- _Information provided_:
____________________
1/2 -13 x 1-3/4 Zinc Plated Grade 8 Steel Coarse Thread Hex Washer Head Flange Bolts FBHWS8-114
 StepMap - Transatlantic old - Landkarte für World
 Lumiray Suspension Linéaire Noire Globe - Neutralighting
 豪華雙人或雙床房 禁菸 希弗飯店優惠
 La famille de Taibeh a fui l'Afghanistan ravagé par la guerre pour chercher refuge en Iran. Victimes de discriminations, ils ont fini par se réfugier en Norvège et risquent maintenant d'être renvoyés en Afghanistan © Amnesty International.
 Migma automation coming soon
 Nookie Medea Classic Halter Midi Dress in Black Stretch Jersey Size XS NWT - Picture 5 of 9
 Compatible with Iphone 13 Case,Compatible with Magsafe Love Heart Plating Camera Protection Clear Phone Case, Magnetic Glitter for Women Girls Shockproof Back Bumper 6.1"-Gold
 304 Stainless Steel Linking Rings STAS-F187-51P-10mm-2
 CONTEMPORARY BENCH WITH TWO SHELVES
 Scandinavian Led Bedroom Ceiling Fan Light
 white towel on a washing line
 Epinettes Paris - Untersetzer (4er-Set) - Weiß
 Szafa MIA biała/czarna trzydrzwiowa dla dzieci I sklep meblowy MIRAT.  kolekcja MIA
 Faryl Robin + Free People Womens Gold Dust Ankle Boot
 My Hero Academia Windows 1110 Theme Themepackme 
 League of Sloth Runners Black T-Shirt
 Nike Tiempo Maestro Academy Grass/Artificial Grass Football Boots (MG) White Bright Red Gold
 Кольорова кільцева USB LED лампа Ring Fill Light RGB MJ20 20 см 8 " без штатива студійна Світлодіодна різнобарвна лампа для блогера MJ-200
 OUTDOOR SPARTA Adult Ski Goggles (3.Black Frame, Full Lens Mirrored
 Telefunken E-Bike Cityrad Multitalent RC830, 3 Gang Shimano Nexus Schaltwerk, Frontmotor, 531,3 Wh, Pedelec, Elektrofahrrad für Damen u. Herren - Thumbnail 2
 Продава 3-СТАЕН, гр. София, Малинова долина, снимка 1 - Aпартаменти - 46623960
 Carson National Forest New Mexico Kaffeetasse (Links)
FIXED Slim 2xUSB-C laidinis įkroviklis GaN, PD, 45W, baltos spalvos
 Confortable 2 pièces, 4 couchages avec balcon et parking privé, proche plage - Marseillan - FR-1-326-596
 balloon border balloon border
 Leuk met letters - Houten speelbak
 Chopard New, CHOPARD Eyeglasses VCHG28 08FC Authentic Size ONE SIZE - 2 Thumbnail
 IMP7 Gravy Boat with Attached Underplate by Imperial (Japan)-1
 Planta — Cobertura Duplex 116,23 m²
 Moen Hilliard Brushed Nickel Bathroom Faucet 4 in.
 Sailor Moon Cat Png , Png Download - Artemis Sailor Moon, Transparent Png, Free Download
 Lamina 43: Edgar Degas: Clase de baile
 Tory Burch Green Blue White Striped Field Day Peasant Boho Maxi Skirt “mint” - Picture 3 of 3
____________________
- _Instructions for the task_: In the listing above, transcribe exactly everything from the line containing "Lumiray Suspension Linéaire" down to the line containing "OUTDOOR SPARTA Adult", including both and nothing more.

- _Response to this task_:
 Lumiray Suspension Linéaire Noire Globe - Neutralighting
 豪華雙人或雙床房 禁菸 希弗飯店優惠
 La famille de Taibeh a fui l'Afghanistan ravagé par la guerre pour chercher refuge en Iran. Victimes de discriminations, ils ont fini par se réfugier en Norvège et risquent maintenant d'être renvoyés en Afghanistan © Amnesty International.
 Migma automation coming soon
 Nookie Medea Classic Halter Midi Dress in Black Stretch Jersey Size XS NWT - Picture 5 of 9
 Compatible with Iphone 13 Case,Compatible with Magsafe Love Heart Plating Camera Protection Clear Phone Case, Magnetic Glitter for Women Girls Shockproof Back Bumper 6.1"-Gold
 304 Stainless Steel Linking Rings STAS-F187-51P-10mm-2
 CONTEMPORARY BENCH WITH TWO SHELVES
 Scandinavian Led Bedroom Ceiling Fan Light
 white towel on a washing line
 Epinettes Paris - Untersetzer (4er-Set) - Weiß
 Szafa MIA biała/czarna trzydrzwiowa dla dzieci I sklep meblowy MIRAT.  kolekcja MIA
 Faryl Robin + Free People Womens Gold Dust Ankle Boot
 My Hero Academia Windows 1110 Theme Themepackme 
 League of Sloth Runners Black T-Shirt
 Nike Tiempo Maestro Academy Grass/Artificial Grass Football Boots (MG) White Bright Red Gold
 Кольорова кільцева USB LED лампа Ring Fill Light RGB MJ20 20 см 8 " без штатива студійна Світлодіодна різнобарвна лампа для блогера MJ-200
 OUTDOOR SPARTA Adult Ski Goggles (3.Black Frame, Full Lens Mirrored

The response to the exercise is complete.